Data will still flow locally and use the system time for time stamping (It always uses the computer clock, whether NTP is running or not. The difference is if the clock disciplined by NTP). If there is no NTP, however, Raspberry Shake will recognize that the timing quality has been compromised and will not stream the data to the community server.

If at some later time an internet connection is detected, the unit will reboot. After reboot, NTP timing will behave as described above in Case 0. Note: internet detection and system reboot is automatic, i.e., it is not necessary for the end-user to manage this state change themselves.

Note

This also applies to: stand-alone mode of operation (see I have no Internet Connection.
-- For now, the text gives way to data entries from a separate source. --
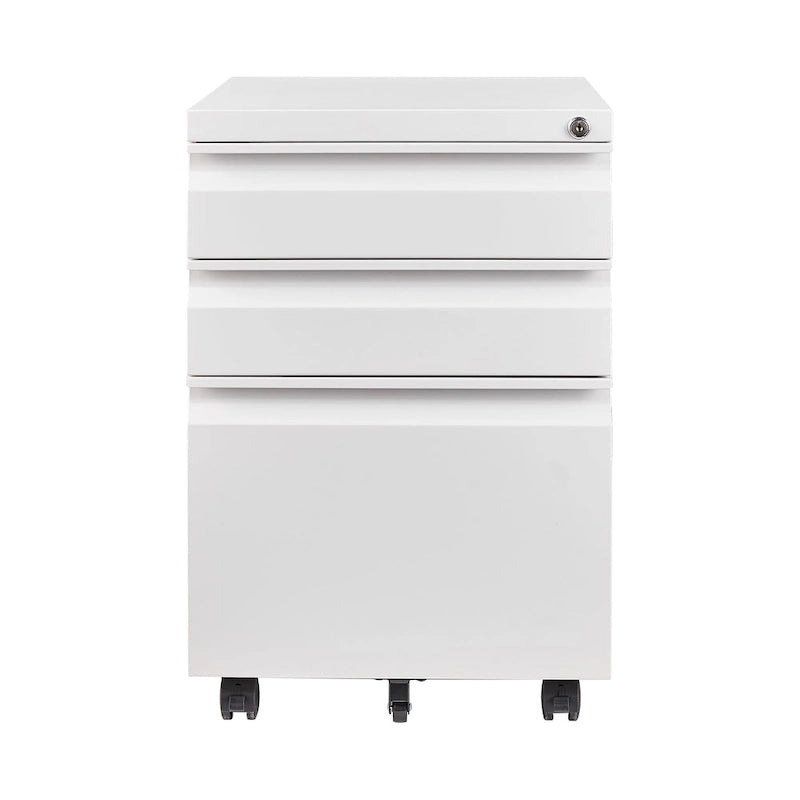 3-Drawer Steel Locking Rolling File Cabinet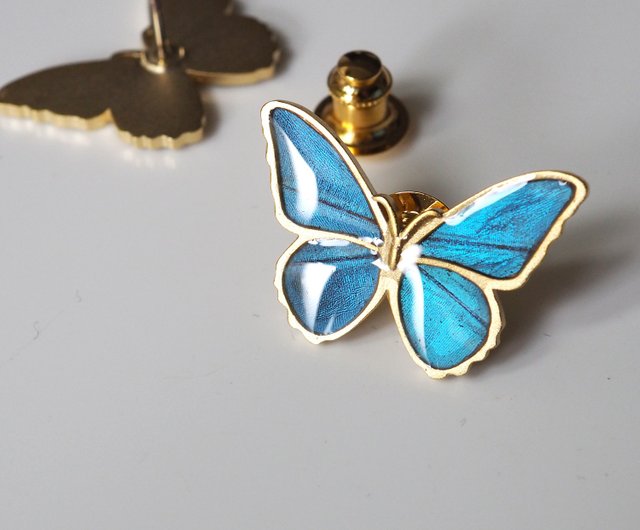 クリノリンレディ モルフォ蝶ブローチ 英国アンティークジュエリー スターリングシルバー モルフォ蝶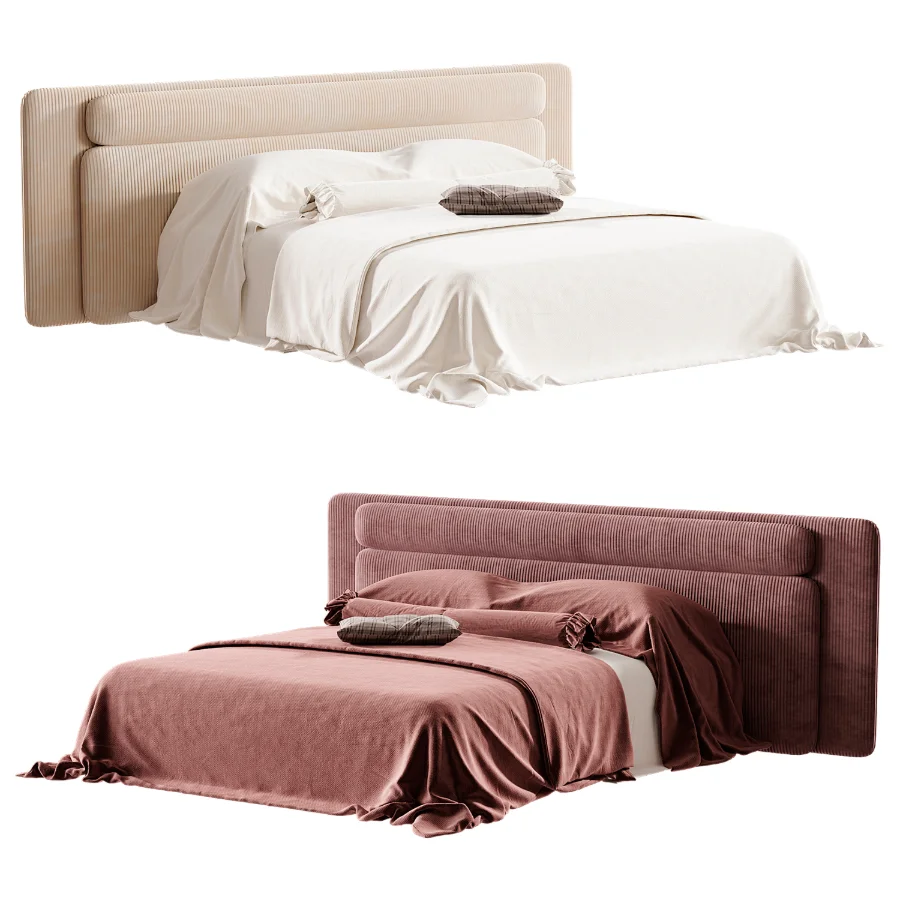 Modern Double Bed 08 - Image 1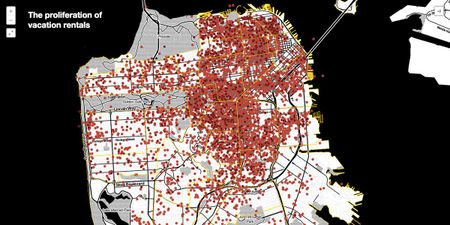 Image of: There Are Over 5,000 Airbnb Rentals in SF According to a New Map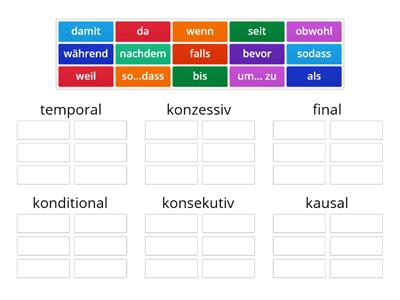 Konjunktionen zuordnen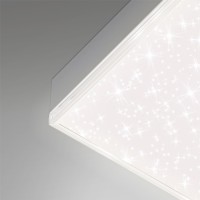 B-Kartonage Briloner LED Deckenleuchte 24W Frameless Sternenhimmel Panel CCT Fernbedienung Dimmbar Deckenlampe Eckig Wei&szlig;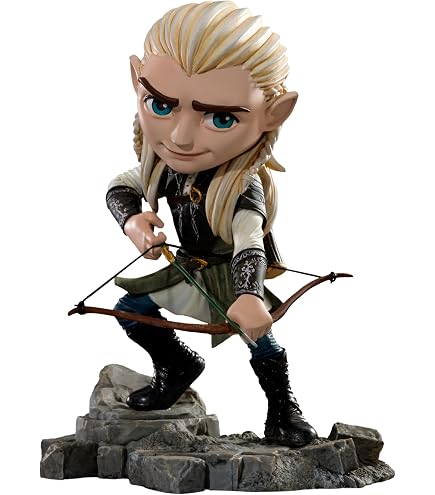 Iron Studios - Statue Gimli - MiniCo - 11,9 Cm - Le Seigneur Des Anneaux - Figurine Peinte à La Main - Collection - Cadeau Fan Tolkien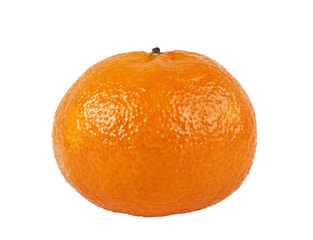 Mandarin on a white background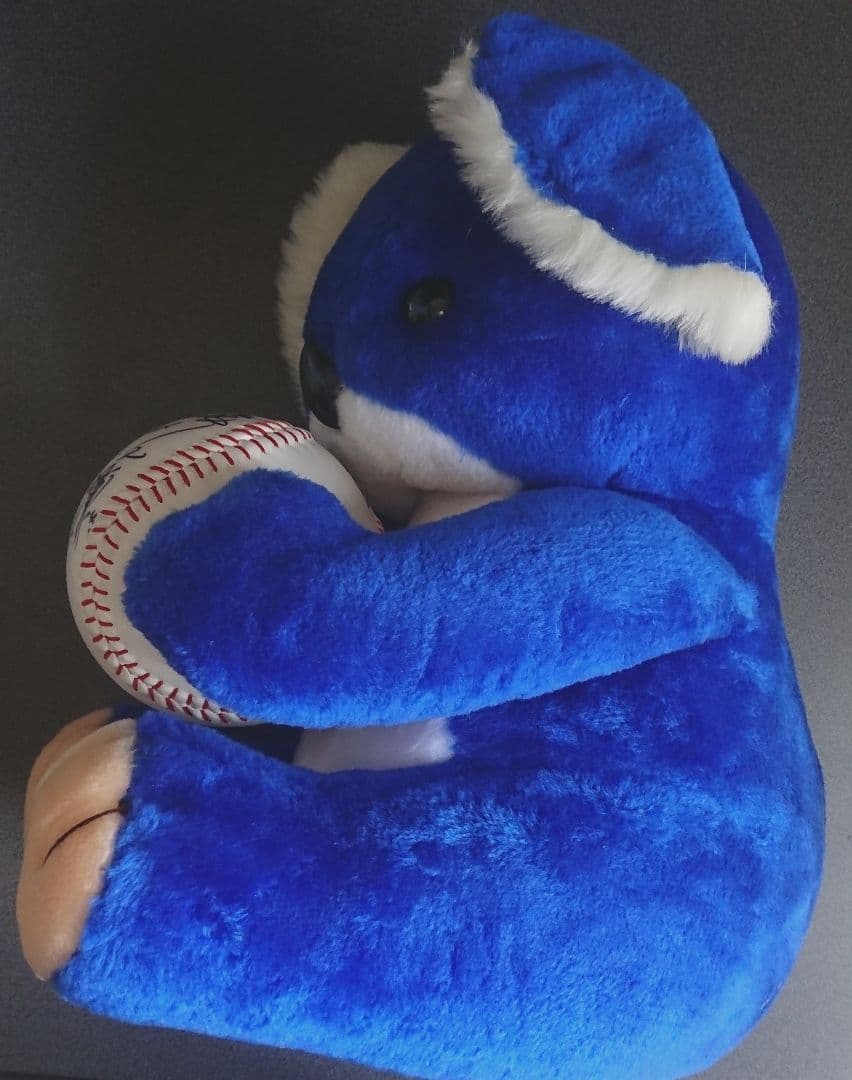 因縁？『ナゴヤ10.8』関係選手・寄せ書き直筆サイン入り初期ドアラぬいぐるみ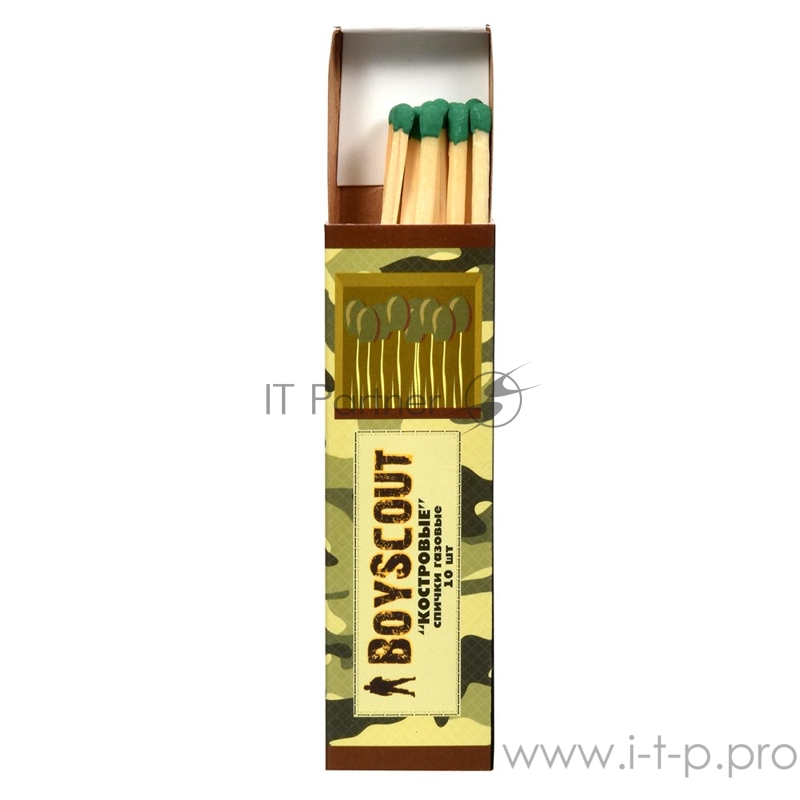 Спички Костровые BOYSCOUT 61028 90мм,10шт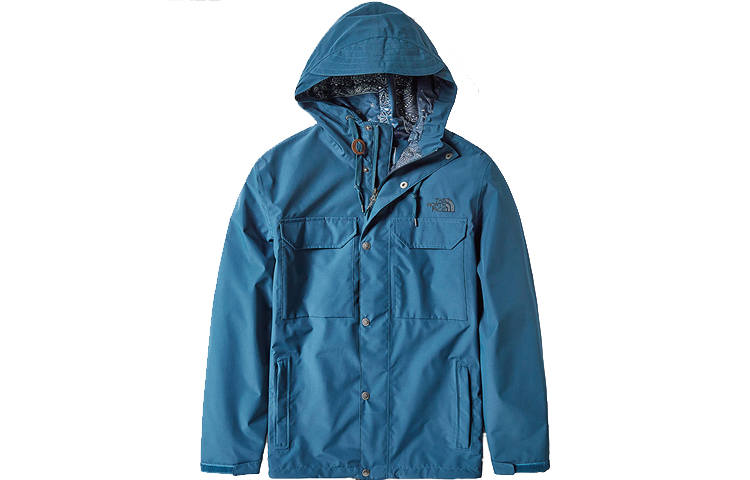 THE NORTH FACE Windbreaker Jackets Men's Blue Hooded Moderate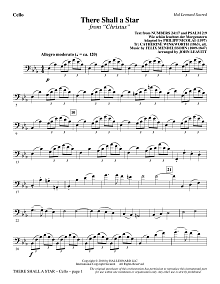 There Shall a Star (arr. John Leavitt) - Cello 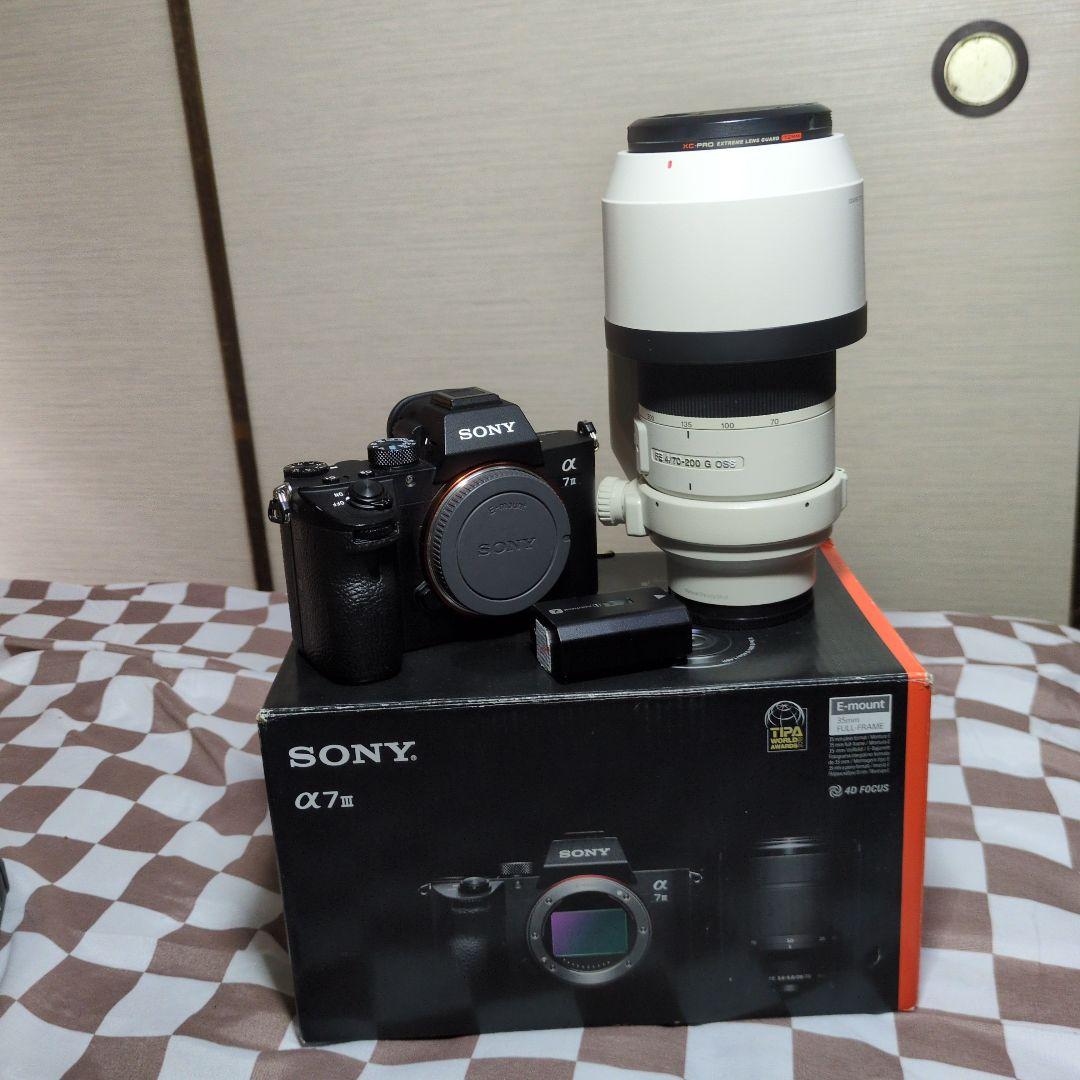 SONY α7 III ミラーレスカメラ 70-200 GOSS FE F4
Will my Shake work?) where the unit is installed in the field with no GPS antenna and no Internet

Case 2: Connection to NTP lost for some time

If connection to an NTP server is lost for some time, timestamping will drift exactly in step with the drift of the local Raspberry Pi clock itself and the NTP client will continue to govern the local Raspberry Pi clock according to what it has learned over time in terms of its specific drift rate, keeping relatively good time

When an Internet connection is restored, and NTP makes a large adjustment to the local Raspberry Pi clock (large defined as >= one sample interval of time), the data processing program will do a hard reset of the data packet timestamp, thus forcing a timestamp re-sync with the local clock. This will necessarily result in a time-tear, either a gap or an overlap, depending on the direction of drift, which will be reported at /opt/log/odf_SL_plugin.info.

We commonly are asked, how much drift can one expect when there is no external clock that can be referenced to govern the shake computer’s clock? Unknown. The Raspberry Pi clock is governed by a 20 ppm crystal, so ~2 seconds/ day.

Case 3: Connecting a GPS module to the computer via USB

This is done also in conjunction with NTP, where:

  • the GPS module sends a PPS to the computer across some hardware channel
  • a GPS daemon, gpsd, receives the PPS command, processes it and sets a time inside of shared memory (RAM)
  • the NTP daemon, in the meantime, has been configured to query the same location in shared memory to retrieve the time and set the clock and to keep it in sync, just as it does when querying an NTP server

So, to the end-user, there is no difference in terms of using the NTP daemon whether connecting to an NTP server, or to shared memory (which is being updated by a PPS generated by an attached GPS module). The only difference is the NTP configuration file.

If either or both situations can happen, (that an NTP server might be available, and / or that a GPS module is attached), it is also standard to configure NTP to retrieve its time from both the GPS PPS and an NTP server as a fallback. This is desirable in the case when the GPS module may lose contact with the satellite for a time, where NTP can then fall back to using an NTP server.

ver.9 added the functionality needed to use the PPS from an attached GPS module (where the user will only be required to do the physical attachment of the module).